Locate, in the data below, the line that contains "Men's Personalised Bold" and the line that contains "For A Cause Coloring Robots Pillow"; reproduce exactly those two lines and every line between them, nothing more.

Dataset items

┌──

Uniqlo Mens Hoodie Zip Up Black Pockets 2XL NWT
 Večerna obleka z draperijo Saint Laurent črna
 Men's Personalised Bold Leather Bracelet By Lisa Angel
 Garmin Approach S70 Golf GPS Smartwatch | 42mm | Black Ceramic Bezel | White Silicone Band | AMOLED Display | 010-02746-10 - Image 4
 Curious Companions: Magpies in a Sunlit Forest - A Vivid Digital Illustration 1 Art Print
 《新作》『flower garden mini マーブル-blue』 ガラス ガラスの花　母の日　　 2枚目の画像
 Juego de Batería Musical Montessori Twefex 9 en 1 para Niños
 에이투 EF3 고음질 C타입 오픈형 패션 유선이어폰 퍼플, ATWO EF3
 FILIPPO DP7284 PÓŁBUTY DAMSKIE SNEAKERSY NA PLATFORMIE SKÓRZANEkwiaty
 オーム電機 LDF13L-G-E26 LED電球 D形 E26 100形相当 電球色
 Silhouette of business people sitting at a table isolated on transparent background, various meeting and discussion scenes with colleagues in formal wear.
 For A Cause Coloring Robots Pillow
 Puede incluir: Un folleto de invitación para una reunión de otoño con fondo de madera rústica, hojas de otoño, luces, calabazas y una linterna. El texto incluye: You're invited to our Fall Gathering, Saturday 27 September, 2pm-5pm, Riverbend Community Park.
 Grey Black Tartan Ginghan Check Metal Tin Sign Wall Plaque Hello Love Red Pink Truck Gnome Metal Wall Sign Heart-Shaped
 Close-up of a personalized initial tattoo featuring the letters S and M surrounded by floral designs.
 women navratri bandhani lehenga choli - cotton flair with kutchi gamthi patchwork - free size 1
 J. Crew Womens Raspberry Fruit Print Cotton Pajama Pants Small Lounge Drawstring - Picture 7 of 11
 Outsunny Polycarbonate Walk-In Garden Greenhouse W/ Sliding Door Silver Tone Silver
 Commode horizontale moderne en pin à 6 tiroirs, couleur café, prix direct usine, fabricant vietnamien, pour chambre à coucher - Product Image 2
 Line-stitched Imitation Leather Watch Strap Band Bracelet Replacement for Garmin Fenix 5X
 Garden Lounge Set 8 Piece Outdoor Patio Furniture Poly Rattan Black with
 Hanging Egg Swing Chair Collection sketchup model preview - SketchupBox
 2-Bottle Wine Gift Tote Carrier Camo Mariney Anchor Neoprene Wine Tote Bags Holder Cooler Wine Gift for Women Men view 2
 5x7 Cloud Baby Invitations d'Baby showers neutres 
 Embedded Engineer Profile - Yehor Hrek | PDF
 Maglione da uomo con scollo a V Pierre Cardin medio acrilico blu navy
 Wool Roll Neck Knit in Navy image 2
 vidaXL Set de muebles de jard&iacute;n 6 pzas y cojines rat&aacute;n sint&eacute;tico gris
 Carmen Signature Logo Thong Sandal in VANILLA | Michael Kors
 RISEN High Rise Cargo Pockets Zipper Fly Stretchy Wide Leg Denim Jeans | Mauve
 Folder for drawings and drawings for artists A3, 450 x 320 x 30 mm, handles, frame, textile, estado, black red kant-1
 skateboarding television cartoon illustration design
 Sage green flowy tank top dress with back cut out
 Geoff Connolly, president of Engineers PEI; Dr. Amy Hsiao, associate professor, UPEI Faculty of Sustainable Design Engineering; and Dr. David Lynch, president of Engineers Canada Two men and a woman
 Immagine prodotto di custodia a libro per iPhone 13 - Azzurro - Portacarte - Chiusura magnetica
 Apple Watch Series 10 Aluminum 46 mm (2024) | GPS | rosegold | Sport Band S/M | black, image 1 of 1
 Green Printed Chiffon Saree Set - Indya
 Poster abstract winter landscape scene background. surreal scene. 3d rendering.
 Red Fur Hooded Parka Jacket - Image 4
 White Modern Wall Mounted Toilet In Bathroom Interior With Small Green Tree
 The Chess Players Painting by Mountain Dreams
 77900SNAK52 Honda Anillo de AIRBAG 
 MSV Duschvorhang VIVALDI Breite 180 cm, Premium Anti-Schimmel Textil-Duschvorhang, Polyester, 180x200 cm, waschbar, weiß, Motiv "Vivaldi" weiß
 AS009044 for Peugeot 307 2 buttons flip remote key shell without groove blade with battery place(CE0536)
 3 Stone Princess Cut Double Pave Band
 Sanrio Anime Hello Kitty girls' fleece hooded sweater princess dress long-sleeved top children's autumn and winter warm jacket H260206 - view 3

└──

Finished task
 Men's Personalised Bold Leather Bracelet By Lisa Angel
 Garmin Approach S70 Golf GPS Smartwatch | 42mm | Black Ceramic Bezel | White Silicone Band | AMOLED Display | 010-02746-10 - Image 4
 Curious Companions: Magpies in a Sunlit Forest - A Vivid Digital Illustration 1 Art Print
 《新作》『flower garden mini マーブル-blue』 ガラス ガラスの花　母の日　　 2枚目の画像
 Juego de Batería Musical Montessori Twefex 9 en 1 para Niños
 에이투 EF3 고음질 C타입 오픈형 패션 유선이어폰 퍼플, ATWO EF3
 FILIPPO DP7284 PÓŁBUTY DAMSKIE SNEAKERSY NA PLATFORMIE SKÓRZANEkwiaty
 オーム電機 LDF13L-G-E26 LED電球 D形 E26 100形相当 電球色
 Silhouette of business people sitting at a table isolated on transparent background, various meeting and discussion scenes with colleagues in formal wear.
 For A Cause Coloring Robots Pillow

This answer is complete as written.